Back to the second question which was: Were you distracted by Amy in those trousers?
RG: As I said, I only worked with Ben and the monkey and neither of them were wearing trousers which is really weird. They’ve both got hairy legs.
And now that you’ve seen the dispatches?
RG: I haven’t seen the film.
(Theatrical gasps from the audience)
RG: I haven’t…it’s brilliant. I only read my part of the script.
HA: I was open with Amy about my distraction over the trousers. I think I said something very clever and went, “nice pants”. She said, yeah they really hug you from behind. If it
works, great, if not, I’m ok with it. I said, I think it’s working.
If the three of you had to take home anything from any museum in the world and think, this is really cool, what would it be?
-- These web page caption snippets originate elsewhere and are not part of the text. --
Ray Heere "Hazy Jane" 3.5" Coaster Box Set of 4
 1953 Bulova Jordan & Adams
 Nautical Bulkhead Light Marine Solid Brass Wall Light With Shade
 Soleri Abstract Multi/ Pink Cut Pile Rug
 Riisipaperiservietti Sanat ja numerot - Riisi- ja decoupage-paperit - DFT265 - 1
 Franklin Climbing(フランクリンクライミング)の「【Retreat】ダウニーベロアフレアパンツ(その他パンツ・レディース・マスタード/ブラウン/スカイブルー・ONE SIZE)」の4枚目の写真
RG: Well we stole all those mummies from Egypt, so I’d probably see if I could up that collection. I’d got and steal other things from other countries.
BS: Something valuable…
HA: Yeah I’d probably find out what the most expensive thing was.
RG: You do that in Supermarket Sweep when you think, where would you go? Straight for the booze. Difficult one isn’t it. I’m into evolution, so I’d probably want Lucy, the first hominid.
BS: I just went to Egypt and I saw King Tut’s mummy, so I’d take something really cool like that. You said you stole mummies, what was that about?
RG: Well the British did, we just wiped them out and just took them. If we left any, then it’s yours. We went, “we’ll have that”. It’s like the world isn’t it? We said that about the world. We took all we wanted and the America came along we said, oh right, have what’s left.
HA: I’d go with the Hope Diamond
RG: Can I change mind. I’ll have the pink diamond as well. Who wants some bones? What an idiot.
BS: Then you could use the diamond to cut the protective glass in other museums and take everything else, so it’d be like the wish that gets you more wishes.
If you could choose an inanimate object to come to life, what would you choose?
HA: I like my car. Talking car.
RG: Like Knightrider! Do you just want a talking car or do you just want to be like David Hasselhoff?